L'esprit de grandeur

Terrassé par le génie déployé par Hugo dans Les Misérables… Seule véritable épopée française du 19ème siècle, débarrassée de l’esprit de sarcasme que l’on trouve si fréquemment ailleurs, elle renoue avec le souffle titanesque de Virgile ou de Dante, tout en faisant la part belle à cette sorte de nouveauté littéraire qu’a représentée le souci des réalités sociales.
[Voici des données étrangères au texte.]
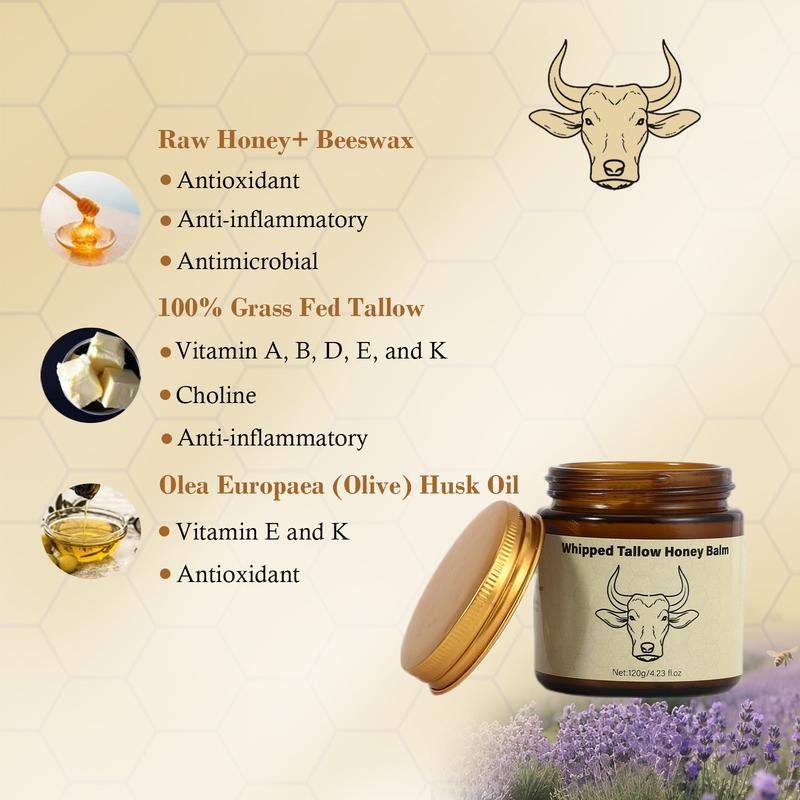 Whipped Grass-Fed Beef Tallow Honey Balm - 4 Oz,Moisturizing Cream for Soft, Smooth Skin - Handmade All-Natural Moisturizer - Lavender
Autant le théâtre de Hugo me paraît hâbleur et sa poésie bavarde, autant son art du roman m’intimide… Sans doute la forme romanesque, ouverte à toutes les audaces, était-elle naturellement faite pour cet esprit surpuissant.
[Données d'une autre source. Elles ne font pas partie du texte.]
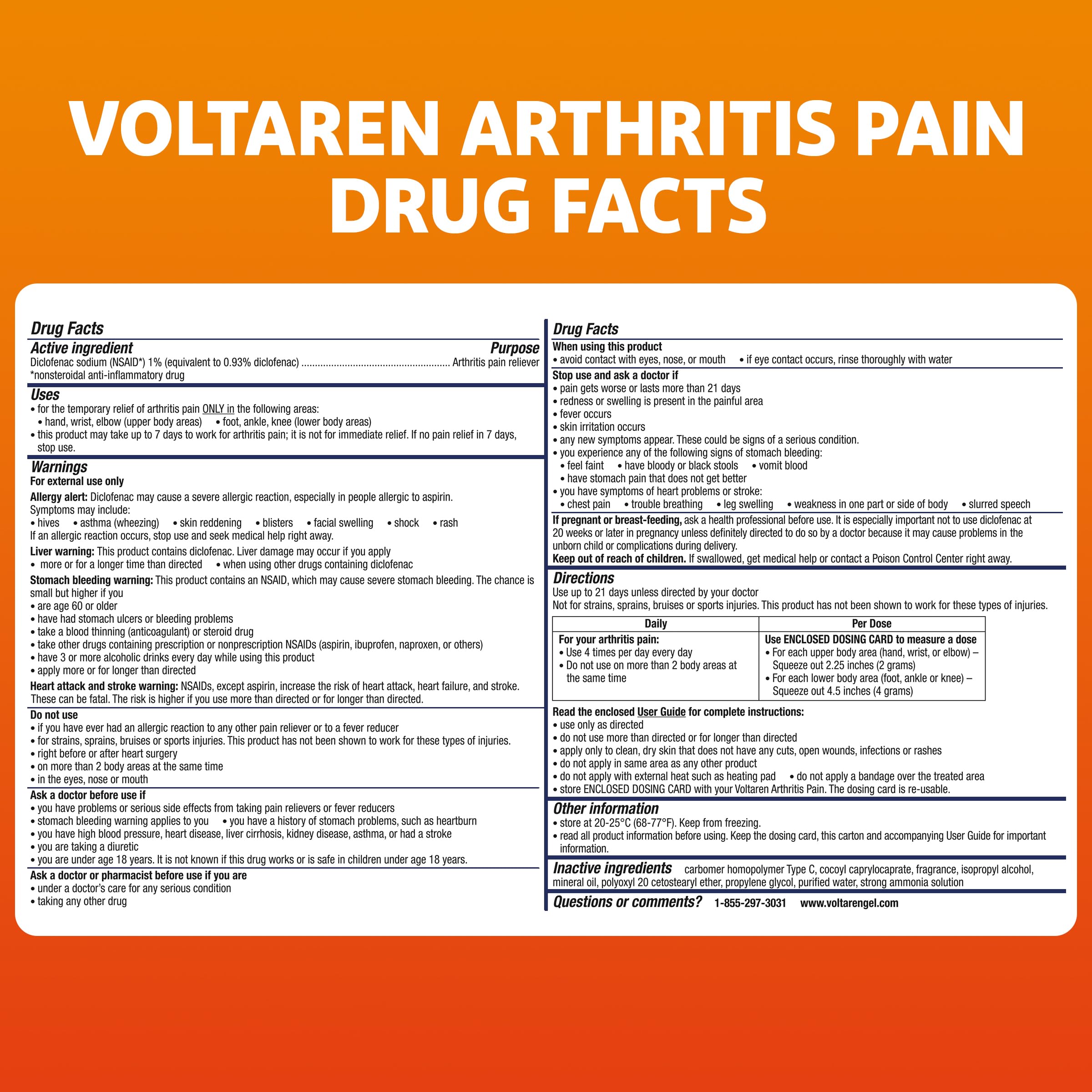 Voltaren Arthritis Pain Gel for Powerful Topical Arthritis Pain Relief with Diclofenac - NEW Easy Open Cap - 100 g Tube And 20 g Travel Size Tube Voltaren Au supplements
« L’instant fut épouvantable. Le ravin était là, inattendu, béant, à pic sous les pieds des chevaux, profonds de deux toises entre son double talus ; le second rang y poussa le premier, et le troisième y poussa le second ; les chevaux se dressaient, se rejetaient en arrière, tombaient sur la croupe, glissaient les quatre pieds en l’air, pilant et bouleversant les cavaliers, aucun moyen de reculer, toute la colonne n’était plus qu’un projectile, la force acquise pour écraser les anglais écrasa les français, le ravin inexorable ne pouvait se rendre que comblé, cavaliers et chevaux y roulèrent pêle-mêle se broyant les uns les autres, ne faisant qu’une chair dans ce gouffre, et, quand cette fosse fut pleine d’hommes vivants, on marcha dessus et le reste passa. Presque un tiers de la brigade Dubois croula dans cet abîme. » (Chapitre « Waterloo »).